以下にて簡単な数値例を用いて、aの方法について解説します。なお、bの具体的な算定方法については第6回にて解説します。


(事例2)要管理先債権に関する予想損失率の算定

<前提条件>

  • 2026年3月31日を基準日とする予想損失率を算定する。
  • 過去3算定期間における貸倒実績を以下D~Fの通りとする。なお、倒産確率に基づく方法に関する解説は省略する。
  • デフォルトした債権については計算の便宜上全額回収不能と仮定し、貸倒実績率に基づく算定結果を本事例における予想損失率とする。
  • 各算定期間において、期首に要管理先以外であった債務者に係るデフォルトは含めない。つまり、Dの場合、2021年4月1日時点で正常先あるいは要注意先(要管理先を除く)で債務者が、2022年3月31日時点で要管理先となり、2024年3月31日までにデフォルトした場合、当該算定期間のデフォルト率には含めない。

貸倒実績

D:2021年4月1日時点で存在した要管理先債権のうち、2024年3月31日までにデフォルトした債権の割合(10億円/50億円)

E:2022年4月1日時点で存在した要管理先債権のうち、2025年3月31日までにデフォルトした債権の割合(8億円/30億円)

F:2023年4月1日時点で存在した要管理先債権のうち、2026年3月31日までにデフォルトした債権の割合(6億円/35億円)

上記D~Fのデフォルト期間の3算定期間を図で示すと以下の通りとなる。

<具体的な算定>

過去3算定期間における過去実績率の平均値を算定することになるため、貸倒実績率に基づくの算定結果は以下の通りである。

予想損失率=(D+E+F)/3=(10/50+8/30+6/35)/3=21.26984…%

(3) 破綻懸念先

金融庁DPにて、特に破綻懸念先については以下を含めいくつかの方法が実務上定着しており、個別貸出のリスク特性や各金融機関の方針等に合った方法を採用すべきとされています。例えば、倒産時に金融機関の健全性や収益に及ぼす影響が大きいと認められる大口与信先に対する引当を見積もる際には、個別に将来のキャッシュ・フローを見積もる方法が、信用リスクの実態を引当に反映しやすいと考えられます。

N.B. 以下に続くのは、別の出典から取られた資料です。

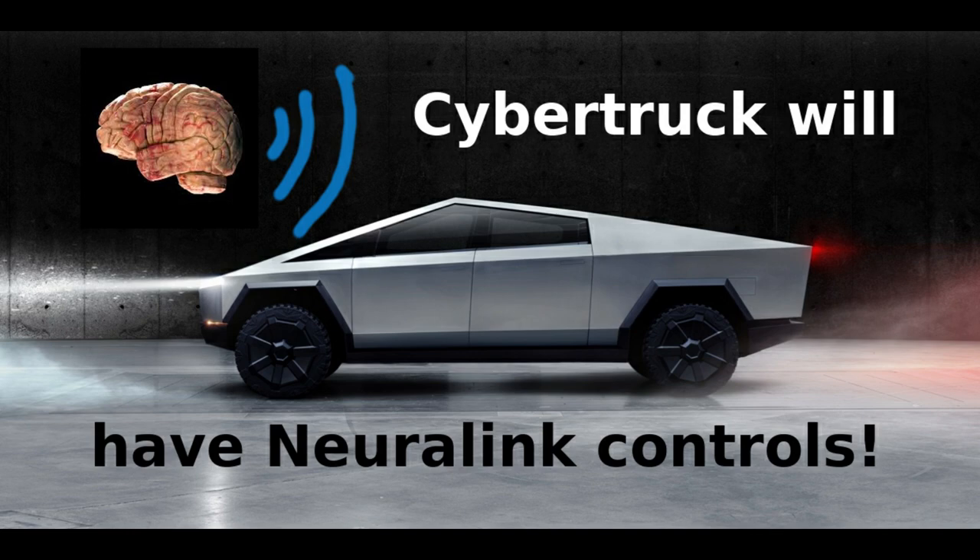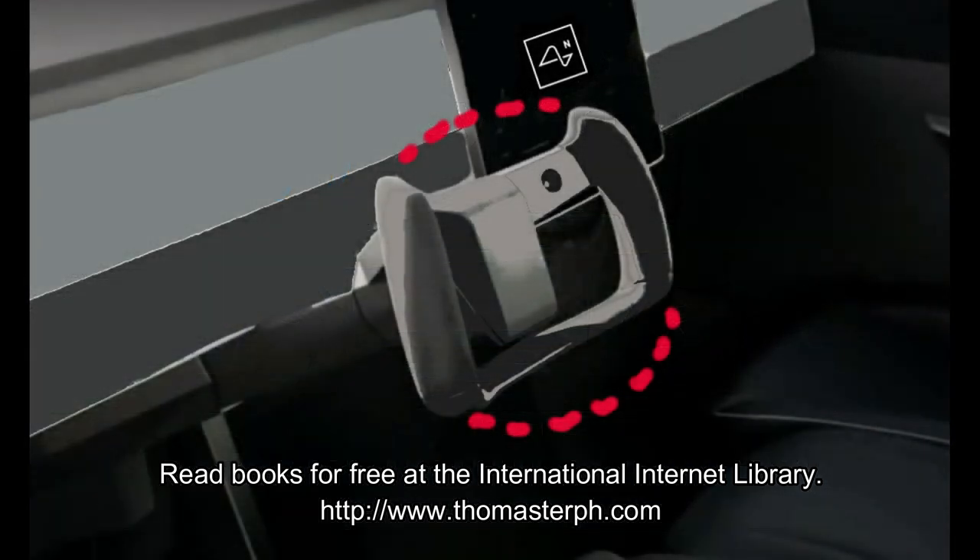The Tesla Cybertruck will be the first Tesla that has Neuralink controls. I invite you to notice that the Cybertruck has no real steering wheel. The steering wheel is a wheel shape that you can grab onto as you steer a car. However, the fake steering wheel on the Cybertruck is missing the top and bottom of the wheel.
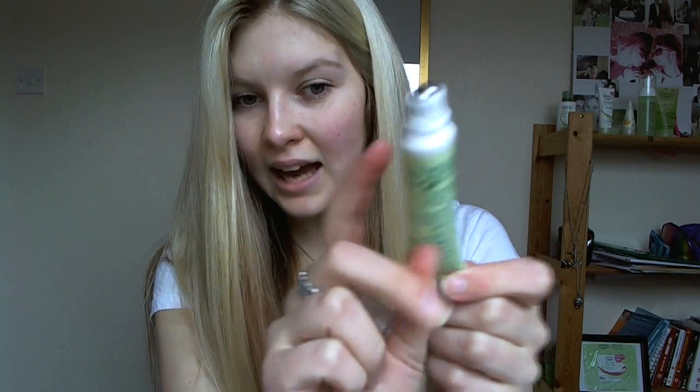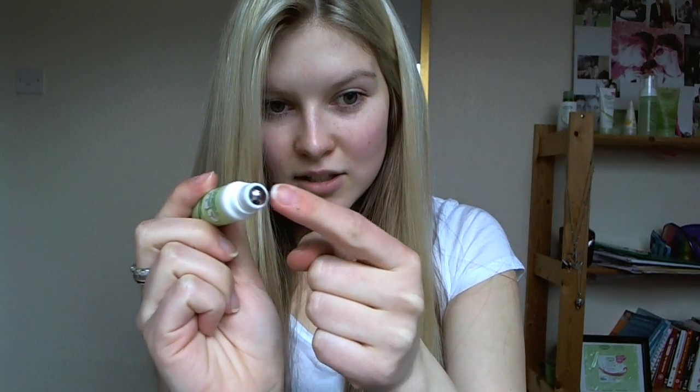Let me take the tube out of the packaging — here it is. We have this little tube, and when we take the screw cap off the bottom you can see there is a small metal roller ball, which you use to roll under your eye onto your skin.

a. 予想損失率法(個別の債権毎に担保・保証等による回収見込額を考慮した上で、貸倒実績等の確率を用いる方法)

b. DCF法

c. キャッシュ・フロー控除法(個別の債権毎に担保・保証等による回収見込額を考慮した上で、合理的に見積もられた将来のキャッシュ・フローにより回収可能な部分を除いた残額を予想損失額とする方法)

d. 債権額から市場における売却可能見込額を減じる方法

予想損失率法については、予想損失率の算定にあたって今後3年間の損失を見込めば足りるとされていますが、より長期にわたって損失が発生すると見込まれる場合には、当該期間の損失を見込むことも考えられます。具体的な予想損失率の算定については、(事例2)と大きく相違がないため、具体的な数値を用いた解説は省略します。
 

(4) 実質破綻先・破綻先

債権額から担保の処分可能見込額及び保証による回収が可能と認められる額を減算し、残額を貸倒償却又は貸倒引当金として貸借対照表に計上するとされています(委員会報告第4号第24項④⑤)。具体的には、担保・保証の有無の結果、Ⅲ分類額については貸倒引当金、Ⅳ分類額については貸倒償却もしくは貸倒引当金として計上することになります。